与样式表作为是,下面是当施加到示例的输出:

<Node>
  <Child
++++++++<!-- ... -->
+       name="Alpha"
--------<!-- ... -->
-       name="Beta">
  </Child>
  <Child
++++++++<!-- ... -->
+       name="Beta"
--------<!-- ... -->
-       name="Charlie">
  </Child>
  <Child
++++++++<!-- ... -->
+       name="Charlie"
--------<!-- ... -->
-       name="Alpha">
  </Child>
</Node>

但是,如果添加此自定义模板:

<xsl:template match="Child" mode="find-match" as="element()?">
    <xsl:param name="candidates" as="element()*"/>
    <xsl:sequence select="$candidates[@name = current()/@name][1]"/>
</xsl:template>

这说来匹配基于其Child属性@name元素,那么你就得不到任何输出(意思是没有差异)。


0
投票

下面是使用SWI-Prolog的一个差异的解决方案

:- use_module(library(xpath)).
load_trees(XmlRoot1, XmlRoot2) :-
    load_xml('./xml_source_1.xml', XmlRoot1, _),
    load_xml('./xml_source_2.xml', XmlRoot2, _).

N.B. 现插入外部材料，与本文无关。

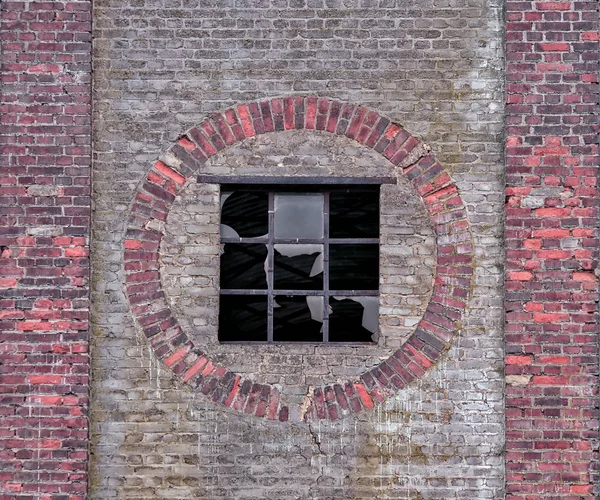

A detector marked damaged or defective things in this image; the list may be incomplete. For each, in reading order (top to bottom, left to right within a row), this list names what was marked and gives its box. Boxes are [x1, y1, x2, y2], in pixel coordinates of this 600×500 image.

broken glass shard [220, 191, 268, 238]
broken glass shard [276, 192, 326, 239]
broken glass shard [330, 190, 378, 239]
broken glass shard [220, 243, 268, 290]
broken glass shard [276, 245, 324, 292]
broken window [211, 179, 390, 344]
broken glass shard [328, 245, 380, 292]
broken glass shard [220, 294, 268, 342]
broken glass shard [274, 294, 326, 342]
broken glass shard [328, 296, 376, 344] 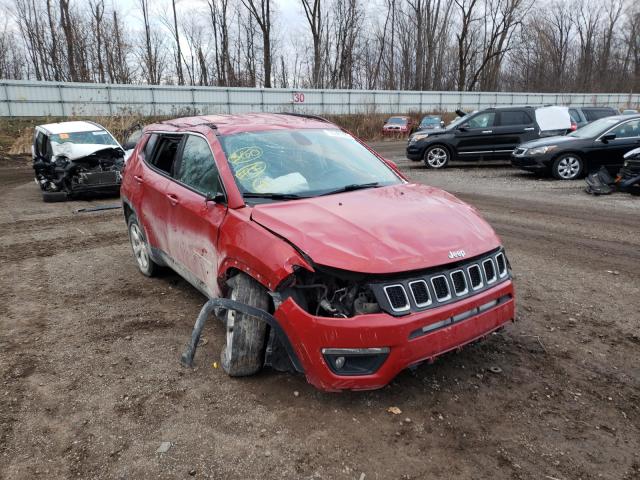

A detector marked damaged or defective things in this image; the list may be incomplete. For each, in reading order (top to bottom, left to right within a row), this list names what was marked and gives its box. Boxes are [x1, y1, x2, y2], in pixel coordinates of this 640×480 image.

wrecked black vehicle [32, 122, 127, 202]
collapsed front wheel [424, 145, 450, 170]
damaged red jeep compass [122, 114, 516, 392]
collapsed front wheel [221, 272, 268, 376]
crumpled front bumper [272, 282, 512, 390] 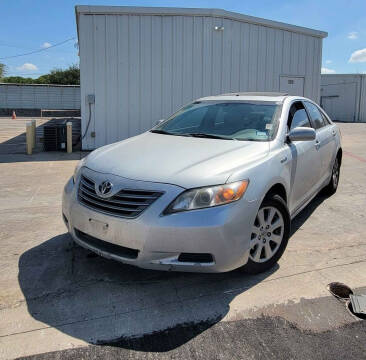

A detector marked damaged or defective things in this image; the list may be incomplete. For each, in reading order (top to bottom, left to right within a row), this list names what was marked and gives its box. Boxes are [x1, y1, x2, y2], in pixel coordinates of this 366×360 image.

cracked concrete [0, 121, 364, 358] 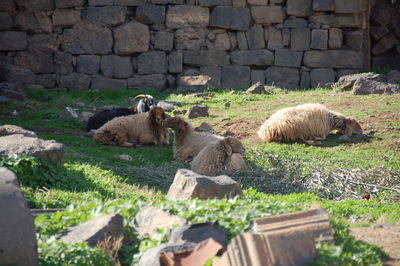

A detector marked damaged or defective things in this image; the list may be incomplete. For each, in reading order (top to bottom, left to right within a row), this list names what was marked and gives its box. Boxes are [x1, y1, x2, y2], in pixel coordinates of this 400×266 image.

broken concrete block [167, 168, 242, 200]
broken concrete block [0, 167, 39, 264]
broken concrete block [59, 213, 123, 246]
broken concrete block [134, 206, 185, 237] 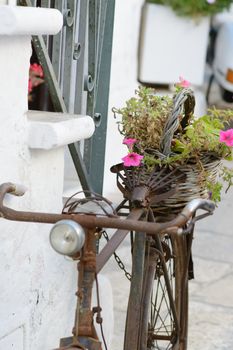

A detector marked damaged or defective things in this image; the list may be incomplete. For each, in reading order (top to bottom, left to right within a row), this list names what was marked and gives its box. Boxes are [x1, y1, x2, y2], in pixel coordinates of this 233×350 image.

rusty old bicycle [0, 180, 215, 350] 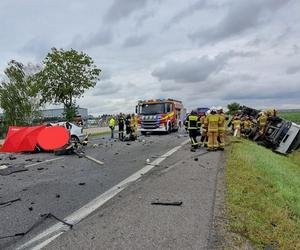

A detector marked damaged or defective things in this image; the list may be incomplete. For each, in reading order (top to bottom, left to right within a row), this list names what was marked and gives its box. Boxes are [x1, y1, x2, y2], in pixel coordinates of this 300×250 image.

overturned truck [238, 105, 298, 154]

find_differences(Reference, Root1, Root2) :-
    xpath(Root1, //'Child'(@name=Name), Node),
    not(xpath(Root2, //'Child'(@name=Name), Node)),
    writeln([Reference, Name, Node]).

diff :-
    load_trees(Root1, Root2),
    (find_differences('1', Root1, Root2) ; find_differences('2', Root2, Root1)).

序言将统一Name变量以从文件1上的节点变量确实在“diff”检测匹配节点和文件2中统一。

下面是下面的一些示例输出:

% file 1 and file 2 have no differences 
?- diff.
false.

% "Alpha" was updated  in file 2
?- diff.
[1,Alpha,element(Child,[name=Alpha],[])]
[2,Alpha,element(Child,[name=Alpha,age=7],[])]
false.

0
投票

在C#中你可以做到这一点,此后,它与任何比较工具比较。

public void Run()
{
    LoadSortAndSave(@".. first file ..");
    LoadSortAndSave(@".. second file ..");
}

public void LoadSortAndSave(String path)
{
    var xdoc = XDocument.Load(path);
    SortXml(xdoc.Root);
    File.WriteAllText(path + ".sorted", xdoc.ToString());
}

private void SortXml(XContainer parent)
{
    var elements = parent.Elements()
        .OrderBy(e => e.Name.LocalName)
        .ToArray();

    Array.ForEach(elements, e => e.Remove());

    foreach (var element in elements)
    {
        parent.Add(element);
        SortXml(element);
    }
}

0
投票

写了一个简单的Java程序这样做。存储被比较两个XML的一个HashMap中,与主要作为元素的XPath(包括元素的文本值)和值作为该元素的出现次数。然后比较了两种HashMap中的两个键集和值。

/ ** *创建地图上以文本的值和没有嵌套节点元件。 *在这里,图的关键是与元素的文本值链接元素的XPATH,该元素的值是该元素的出现次数。 * * @参数xmlContent * @返回* @throws的ParserConfigurationException * @throws的SAXException *引发IOException * /

private static Map<String, Long> getMapOfElementsOfXML(String xmlContent)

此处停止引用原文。